= Chepe Fortuna =

2010–2011 Colombian telenovela

Chepe Fortuna is a Colombian traditional comedy telenovela, produced by RCN Televisión in 2010 and 2011. It stars Javier Jattin and Taliana Vargas, with Kristina Lilley, Pedro Palacio, Susana Rojas, Luigi Aycardi, the first actor Gerardo Calero and first actress Margalida Castro, in addition to the first actors Judy Henríquez, Carlos Muñoz and Consuelo Luzardo. The production proposal was based on the setting of a comic story in the Caribbean Region of Colombia, so 90% of the cast is originally from the Colombian coast, including the protagonists.

The leading characters come from different social backgrounds, one being a poor fisherman fighting against industrialization and the other being an environmentalist from the industrializing family.

The librettos were created by Miguel Ángel Baquero and Eloisa Infante, and the direction was carried out by Mario Ribero, who had previously directed successful comedies such as Novia para dos, Yo soy Betty, la fea and Los Reyes.
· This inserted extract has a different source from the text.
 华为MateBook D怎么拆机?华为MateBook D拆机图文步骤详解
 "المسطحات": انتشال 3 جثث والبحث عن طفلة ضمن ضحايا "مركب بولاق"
This production holds the record for having the most watched final episode in the history of private television in Colombia, reaching an audience of 53.3 in the household audience index and 23.6 in people, an unprecedented figure. In Panama, the telenovela was a success on TVN screens, reaching 6.0 points of audience index and in Colombia an index of 23.0 points.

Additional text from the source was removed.